The characters discuss this character arc in relatively academic terms, like screenwriters trying to crack a story. They quickly latch on to the idea of a classic Campbellian arc. They aim to resolve the generational conflict between Robert and his recently deceased father, Maurice (Pete Postlethwaite). When Eames suggests playing to Robert’s rebellious impulses against his father, Cobb rejects the idea — “I think positive emotion trumps negative emotion every time.”
Over the course of the dream that Cobb constructs, Robert reconciles himself with Maurice. He dreams that his father always loved him, even when they were at odds. This reconciliation between father and son is a cornerstone of American popular cinema, most notably in the films of Steven Spielberg or in the culmination of the original Star Wars trilogy. If Cobb is an archetypal Nolan protagonist (a father looking for his kids), Robert is an archetypal Spielberg protagonist (a son looking for a father).

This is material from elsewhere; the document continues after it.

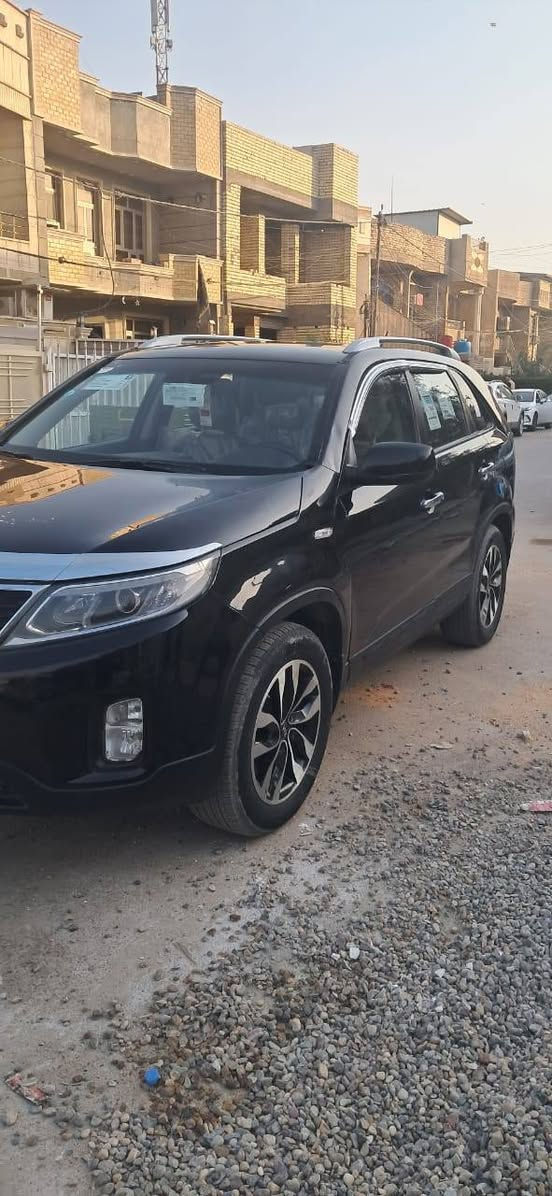 سلام عليكم سيارة سورنتو موديل 2013 سيارة بيها قطعه صبغ خليجي مكينه ٦سلندر ٧راكب بيها  صبغ وحده خليجيه سيارة مكاني بغداد البياع متواجد واتساب رقم الهاتف *********** بيع او مراوس حسب القناعه سعر  158وبيها مجال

The only real problem with this plan to help Robert work through his issues is that none of it is true. It is all an elaborate falsification. In fact, as Ariadne points out, it involves a plot to “destroy his one positive relationship,” that with his godfather Peter Browning (Tom Berenger). The idea that Cobb imparts to Robert will fundamentally alter his life. At the very least, it leads him to disband his father’s company. Does it matter that this emotional catharsis is built on a lie? Is it still catharsis?
Inception is decidedly ambiguous on this point. The film’s closing shot has been analyzed and dissected countless times over the years, with many speculating as to whether the spinning top means that Cobb is still in a dream. In truth, the point of that sequence is to suggest that it doesn’t matter. Cobb walks away before waiting for the top to stop spinning, because he does not care whether the happy ending is a lie. It only matters that it is a happy ending.
“The way the end of that film worked, Leonardo DiCaprio’s character Cobb — he was off with his kids, he was in his own subjective reality,” Nolan explained. “He didn’t really care anymore, and that makes a statement: perhaps, all levels of reality are valid.” Still, there’s something decidedly uneasy in all of this. Nolan has been described as an “emotionless” filmmaker, but that isn’t entirely true. Nolan understands emotion but is wary of the way in which it warps reality — like gravity.
Inception is about movies, but it is also deeply anxious about movies. It understands the danger of the auteur, the nightmare of a world in which collective dreams rest in the hands of powerful conglomerates, and the way in which these narratives can sell audiences soothing lies. It looks upon the artform with awe. The film’s feelings are complex and contradictory, undermining the facile arc that Cobb serves up for Robert Fischer.
Inception understands that the barrier between dreams and nightmares is much thinner than it might appear.